═══ Recorded information

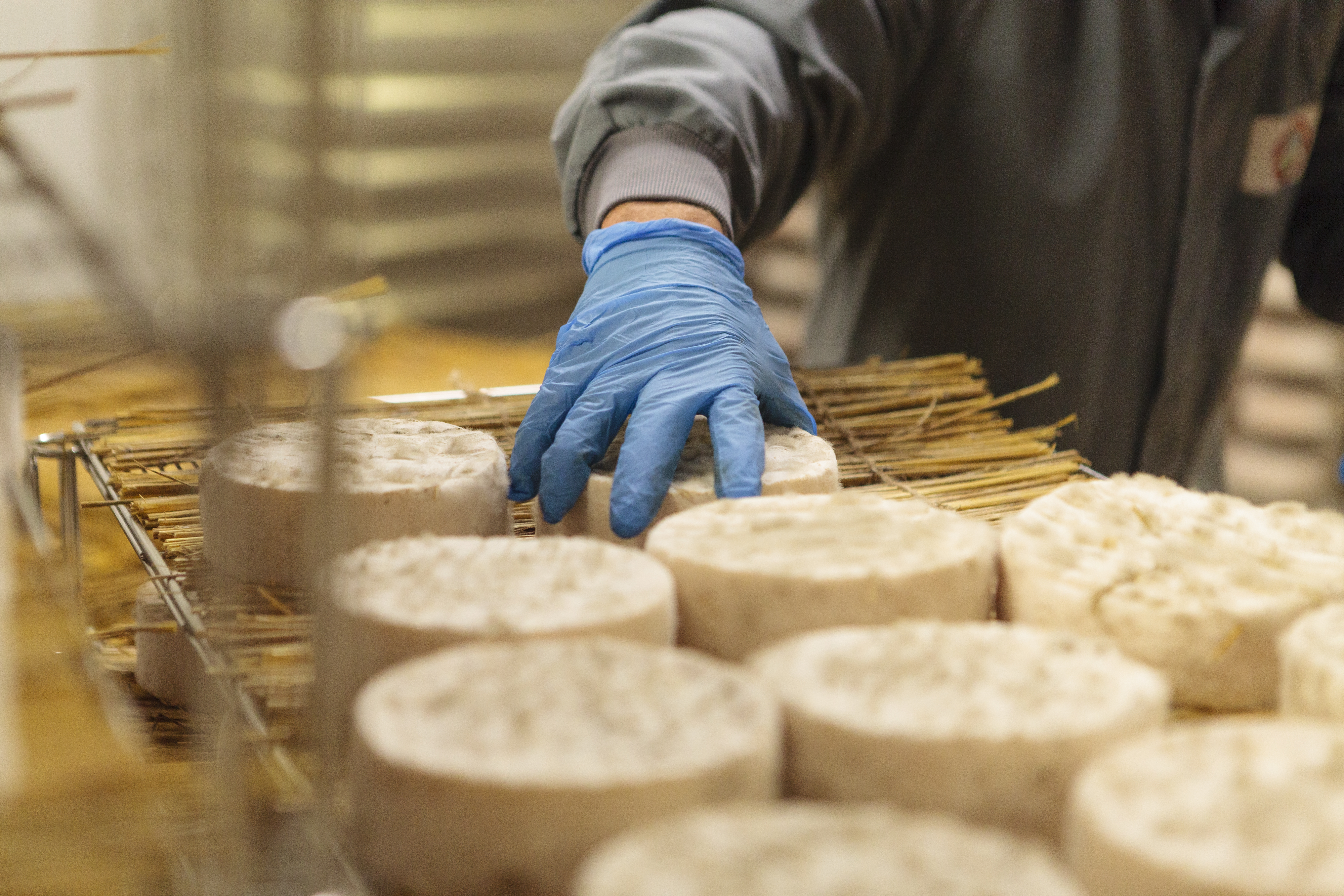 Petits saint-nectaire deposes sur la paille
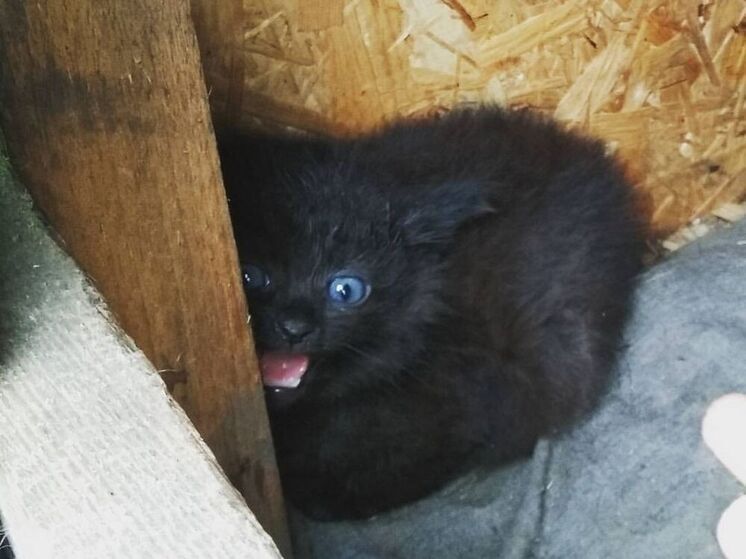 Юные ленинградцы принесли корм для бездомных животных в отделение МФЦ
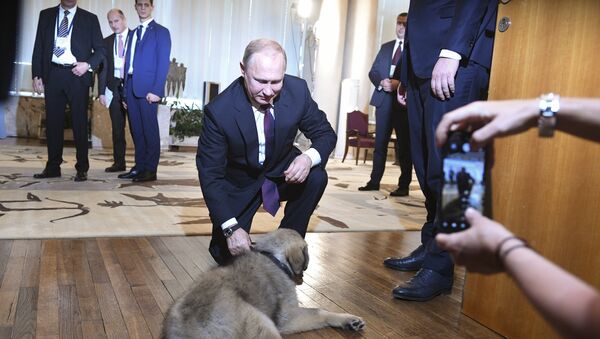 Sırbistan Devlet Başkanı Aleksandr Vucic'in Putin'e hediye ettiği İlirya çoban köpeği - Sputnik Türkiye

══════

● What is required
Please write out, word for word, each line from the one with "Юные ленинградцы принесли" to the last line of the data, keeping both ends and omitting pictures.

● Result of the task
 Юные ленинградцы принесли корм для бездомных животных в отделение МФЦ
 Sırbistan Devlet Başkanı Aleksandr Vucic'in Putin'e hediye ettiği İlirya çoban köpeği - Sputnik Türkiye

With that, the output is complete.